Assaad, who was gunned down in a hail of bullets outside his Georges Hall home on Tuesday, also remains the main suspect in the brazen execution of crime kingpin Walid “Wally” Ahmad in April.
Insiders last night told The Daily Telegraph that the killers behind the Ahmad hit were angry at Assaad’s “arrogance” over the job and wanted to silence him.
They joined a long list of people who wanted him dead.
Assaad is named in police intelligence reports as a suspect in the shootings, as well being implicated in large drug thefts from major drug syndicates.
The shootings all had a similar modus operandi — the shooter clad in black, face covered, with a high-powered getaway car with waiting driver to speed away. The shooter mostly jumped from the back seat, and left the scene the same way. And the car was dumped and torched hours later.
Insiders claim the hitman thought the killing business had become “too easy”. So, he had stepped up his money earning by ripping off major drug syndicates. He thought he was untouchable.

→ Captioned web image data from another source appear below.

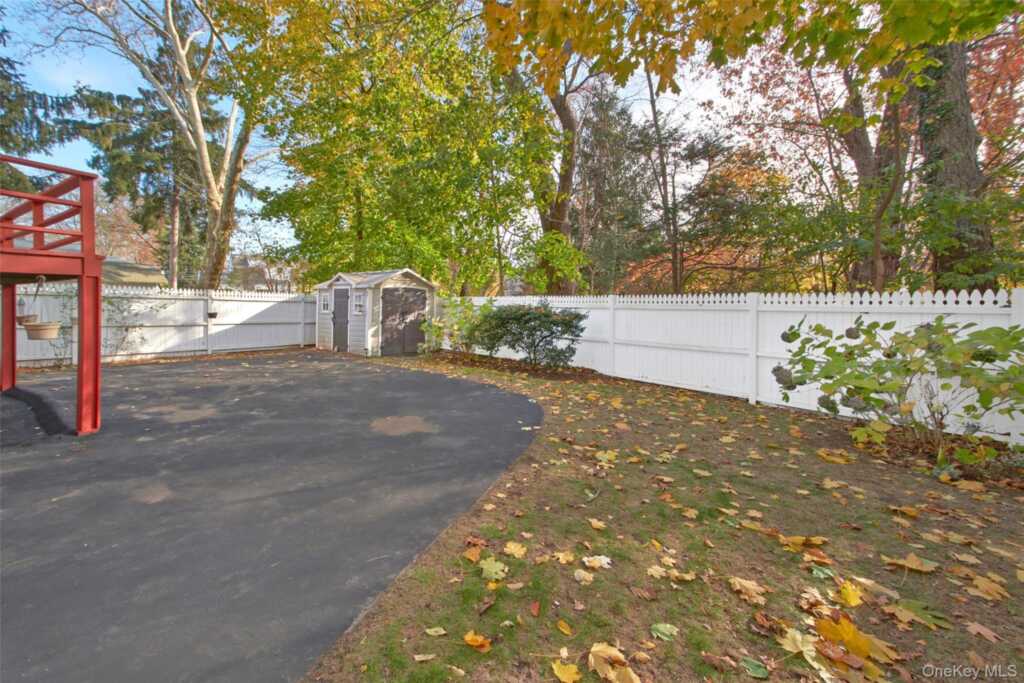17 Haven Avenue, Rye, NY 10580 - Photo 28 of 34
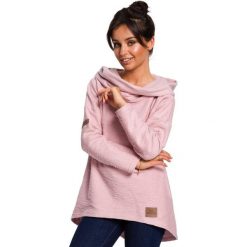 Bluza z szerokim kołnierzem i kapturem - pudrowa. Bluzy damskie BE, s, bez wzorów, z bawełny, bez rękawów. Za 189,00 zł.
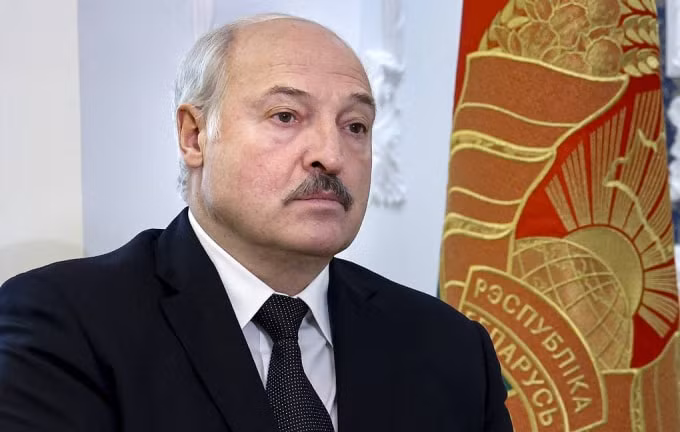 belarus de doa ngat khi dot den chau au de dap tra lenh trung phat cua eu hinh 1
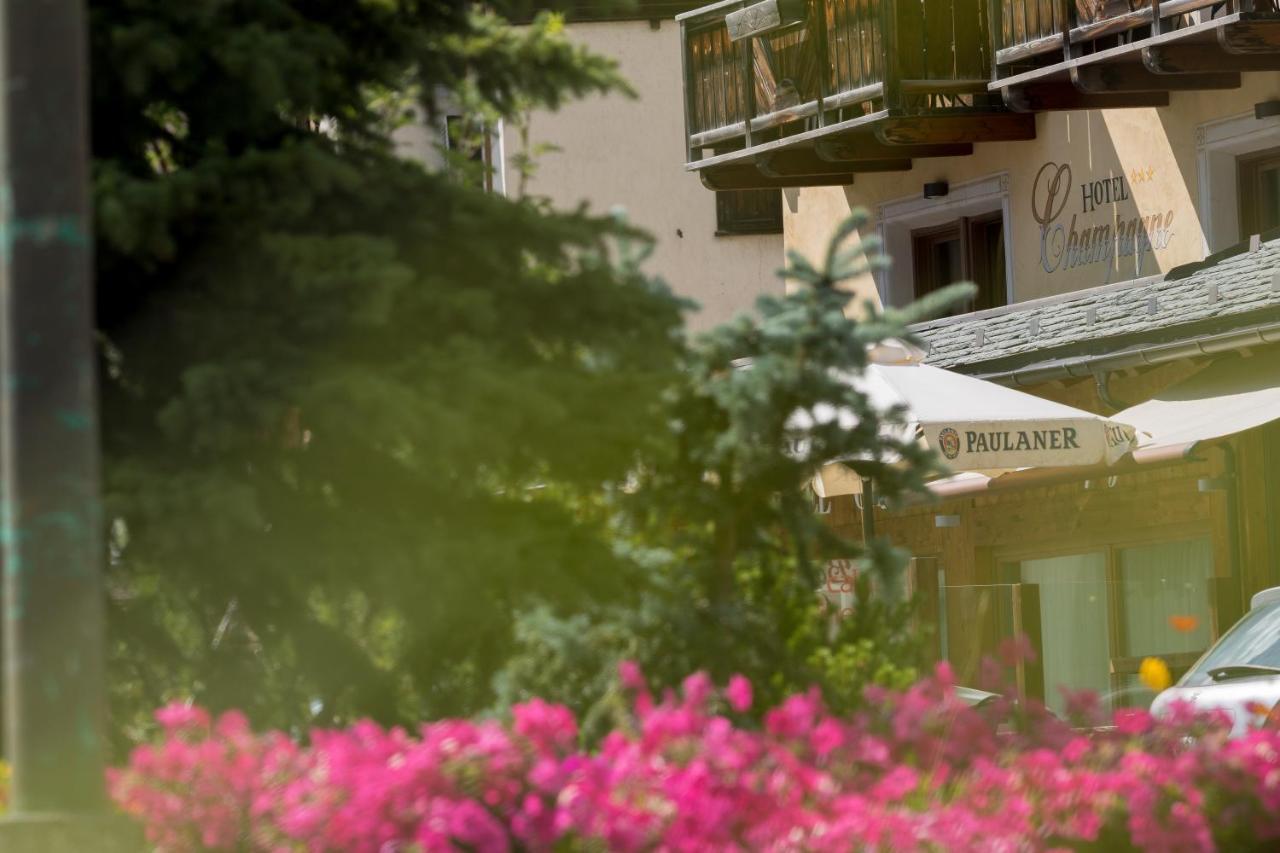 Hotel Champagne ลีวินโญ ภายนอก รูปภาพ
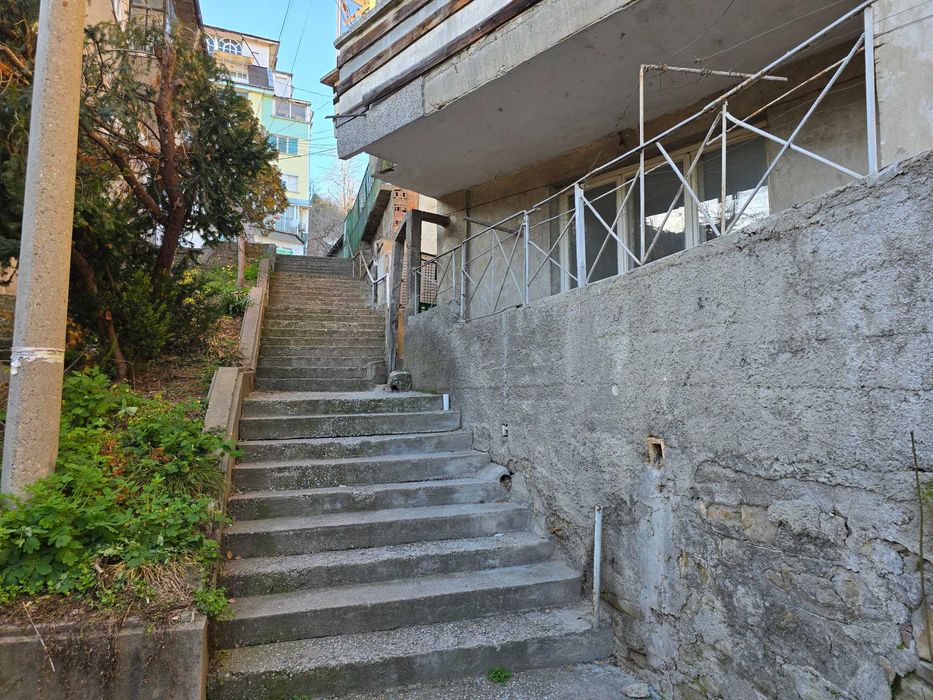 Продава се Етаж от къща в Велико Търново, Център - 92 кв.м за 1299 €/кв.м - Снимка #17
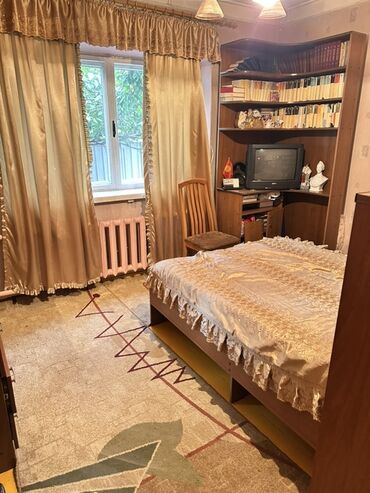 Продажа домов: Дом, 100 м², 4 комнаты — 6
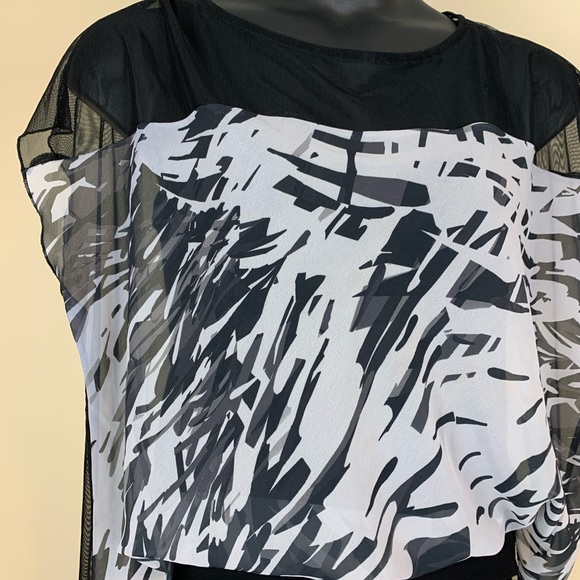 Komorov sheer top over tank top banded waist in front, size Medium - Picture 5 of 7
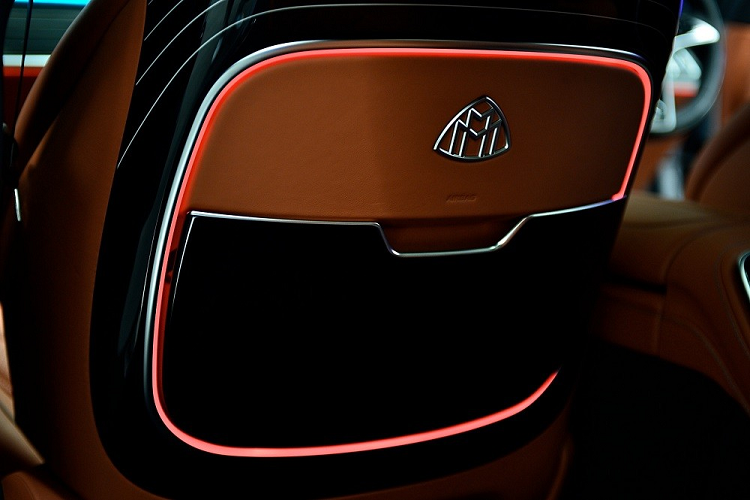 Ngoài ra, xe còn có gói trang bị ngoại thất AMG và kính cách âm, ngăn tia hồng ngoại. Bước vào bên trong Mercedes-Maybach S580e 2024, khách hàng Thái Lan sẽ bắt gặp những trang bị như vô lăng 3 chấu bọc da Nappa, tích hợp phím chức năng và tự điều chỉnh độ nặng/nhẹ theo tốc độ của xe. Bên cạnh đó là máy quét vân tay để nhận diện người lái, ghế bọc da Nappa, mặt táp-lô ốp gỗ, cụm điều khiển trung tâm màu đen bóng và trần xe bọc bằng chất liệu Dinamica.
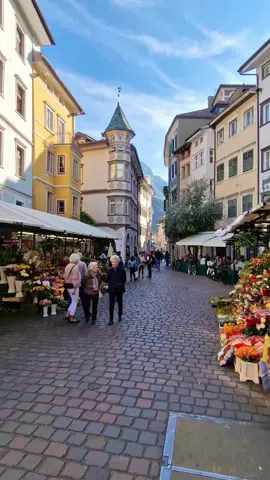 🌟 Welcome to Bolzano, where Alpine beauty, cultural richness, and Italian charm converge to create an unforgettable experience! 🇮🇹 Nestled in the heart of the Dolomites, this vibrant city offers a perfect blend of old-world charm and modern sophistication. Explore the historic city center, where medieval architecture blends seamlessly with elegant boutiques, bustling cafes, and vibrant markets. Admire the Gothic spires of the Cathedral of Bolzano, wander through picturesque squares like Piazza Walther, and discover hidden gems around every corner. #tiktoktravel #italy #italia #tiktokitalia #fyp #bolzano 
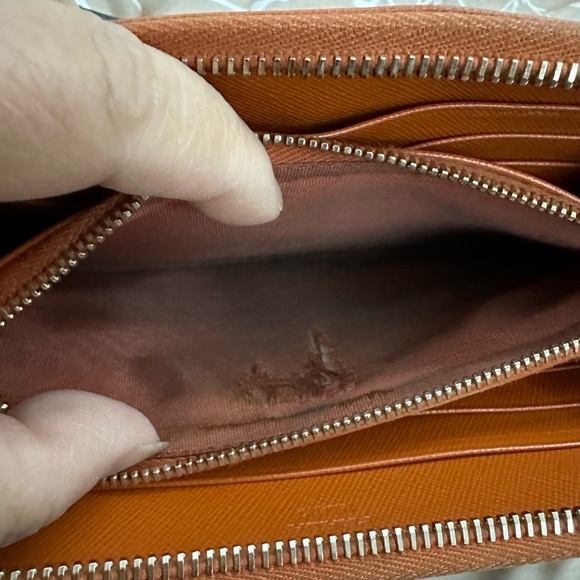 Prada orange long wallet with minor scuffs and tearing inside, in good condtion - Picture 6 of 11
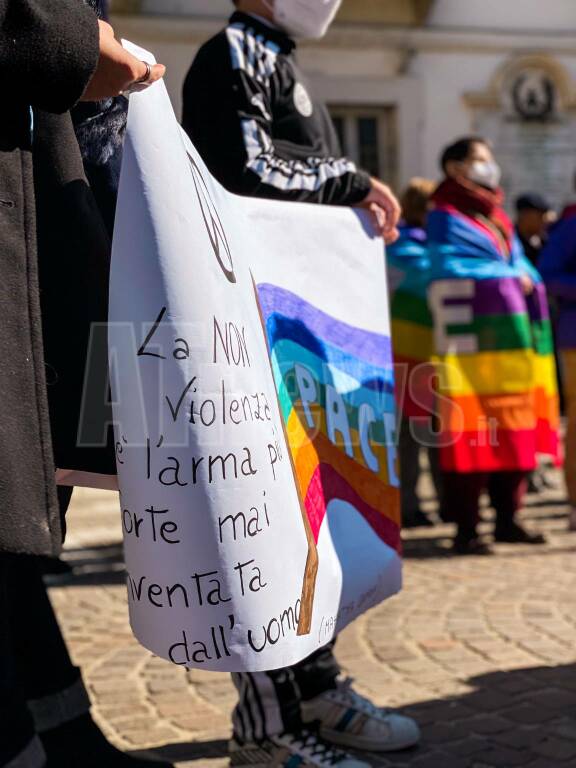 Da Piazza San Secondo si alza un grido di pace "Asti dice no alla guerra"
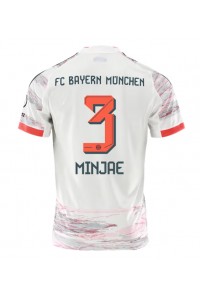 Bayern Munich Kim Min-jae #3 Voetbaltruitje Uit tenue 2025-26 Korte Mouw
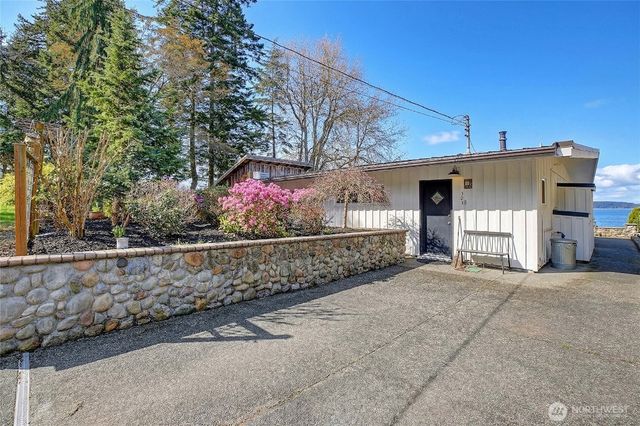 303 Arrowhead Point Lane, Camano Island, WA 98282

Assaad lived with his mother in Georges Hall. The house was fortified with high-definition CCTV cameras. But “H” had several city apartments too.
He didn’t care that there was a $250,000 bounty on his head for the attempted murder of Ibrahim outside his luxurious Macquarie St apartment last year.
And Assaad was not bothered that underworld figures believed he was linked to the attempted murder of Maha Hamze, the 45-year-old aunt of Bassam Hamzy, a Supermax inmate and founder of notorious street gang Brothers 4 Life.
Assaad was acquitted of the 2010 shooting murder of Mohammad Alahmad, who was shot while getting into his BMW outside his Granville home in 2008.